▶ _TASK BRIEF_
Setting aside any pictures, reproduce the data exactly.

DATA UNDER STUDY: Begin

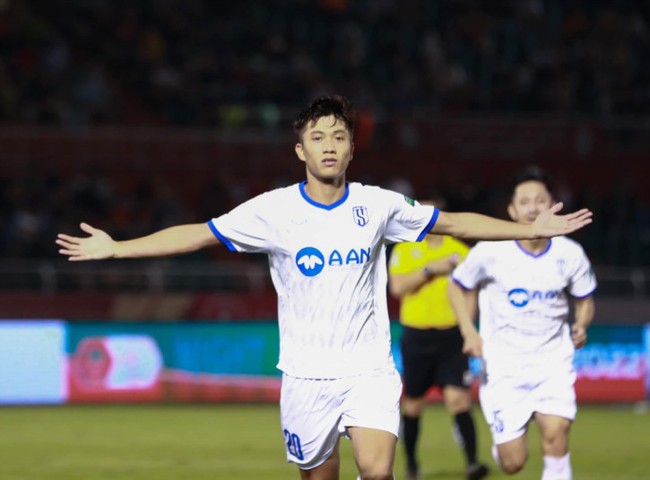 5 ngôi sao thay thế Quang Hải ở AFF Cup 2022: Ai sáng giá nhất? - Ảnh 2.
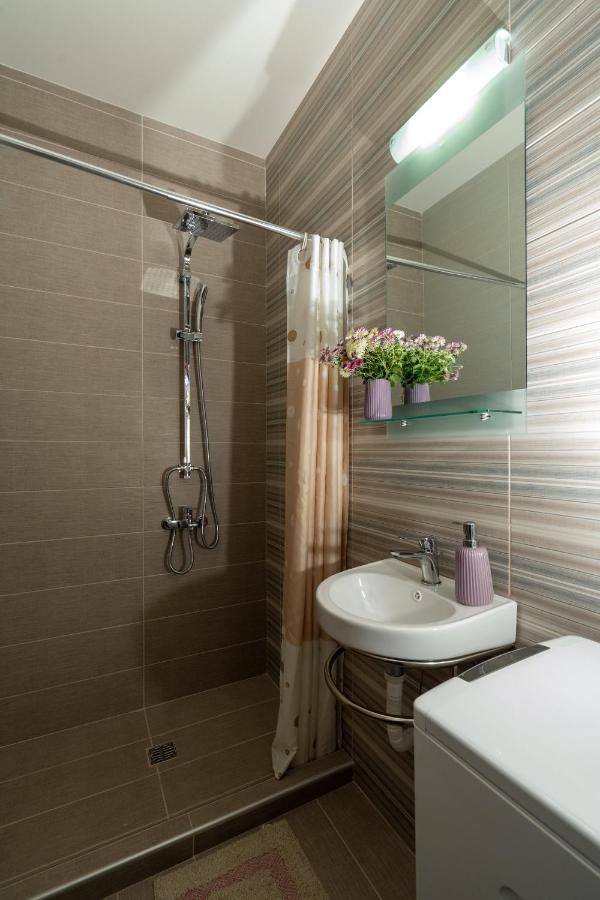 Ferienwohnung Comfy & Stylish Apt In Ioannina Exterior foto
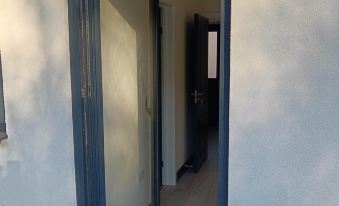 High Wycombe - 1Bed Apartment - Sleeps 3 - Parking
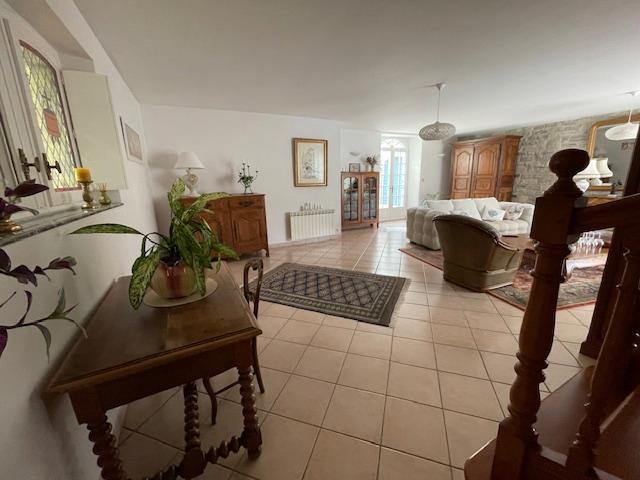 Image No.10-4 Bed House for sale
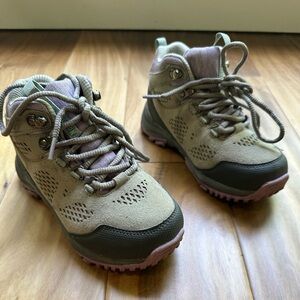 Girls Northside Hiking Boots - Size 13
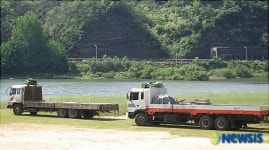 KBS 가요무대팀,진주 남강둔치 공원 잔디훼손 시민들 비난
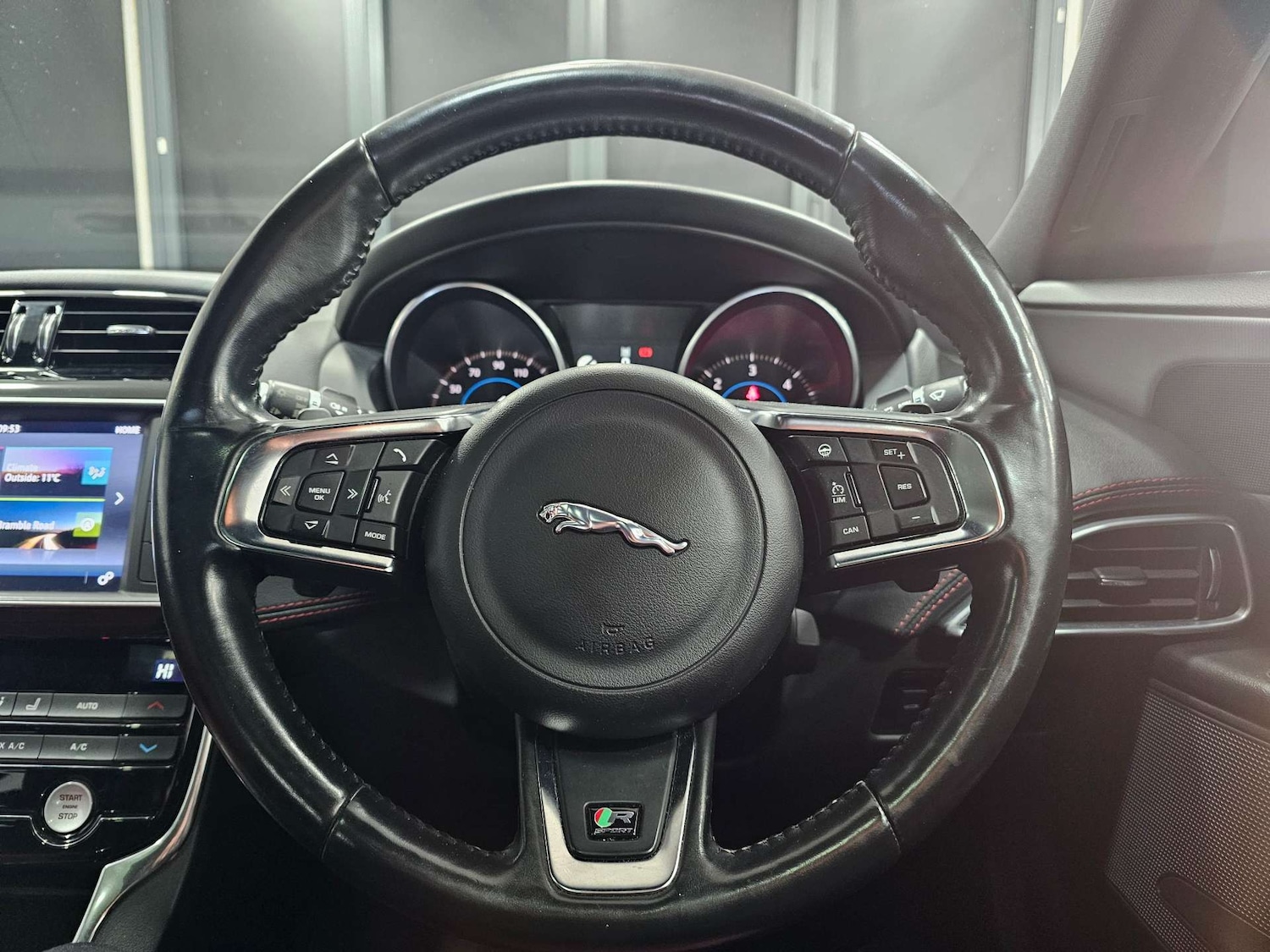 Used Jaguar XE 2016 for sale - 76972450: Photo 15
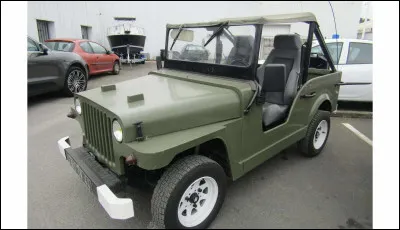 Le chanteur des sixties Franc Alamo ,après son succès de "Biche oh ma biche" s'est lancé, en France, dans la production automobile d'un petit tout-chemin en 1981. De quel nom américain a-t-il baptisé sa marque ?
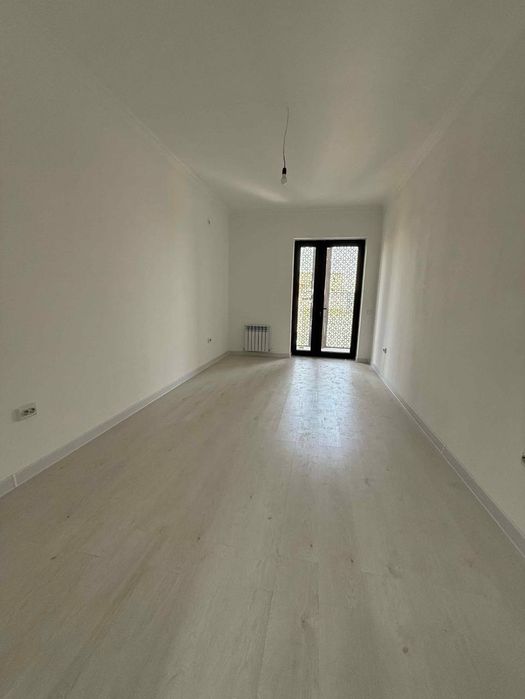 Новостройка 3/8/10 
Яккасарайский район 
Метро Космонавтов 
Ориентир:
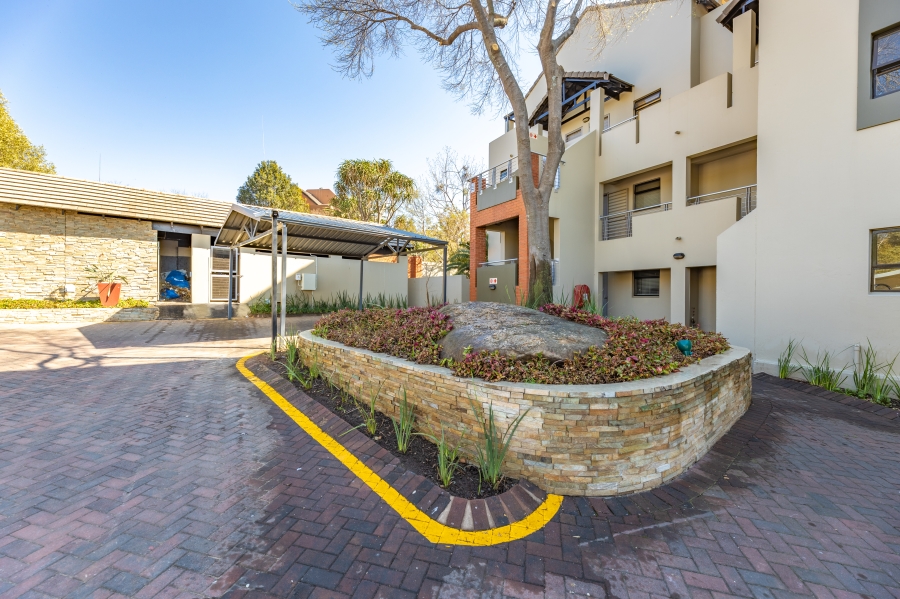 2 Bedroom Property for Sale in Lonehill Gauteng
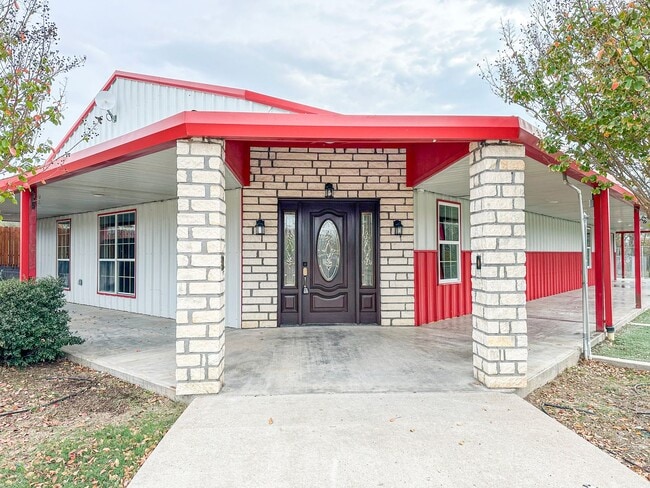 11635 TX-36 in Jonesboro, TX - Building Photo - Building Photo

DATA UNDER STUDY: End

▶ _YOUR SOLUTION_
 5 ngôi sao thay thế Quang Hải ở AFF Cup 2022: Ai sáng giá nhất? - Ảnh 2.
 Ferienwohnung Comfy & Stylish Apt In Ioannina Exterior foto
 High Wycombe - 1Bed Apartment - Sleeps 3 - Parking
 Image No.10-4 Bed House for sale
 Girls Northside Hiking Boots - Size 13
 KBS 가요무대팀,진주 남강둔치 공원 잔디훼손 시민들 비난
 Used Jaguar XE 2016 for sale - 76972450: Photo 15
 Le chanteur des sixties Franc Alamo ,après son succès de "Biche oh ma biche" s'est lancé, en France, dans la production automobile d'un petit tout-chemin en 1981. De quel nom américain a-t-il baptisé sa marque ?
 Новостройка 3/8/10 
Яккасарайский район 
Метро Космонавтов 
Ориентир:
 2 Bedroom Property for Sale in Lonehill Gauteng
 11635 TX-36 in Jonesboro, TX - Building Photo - Building Photo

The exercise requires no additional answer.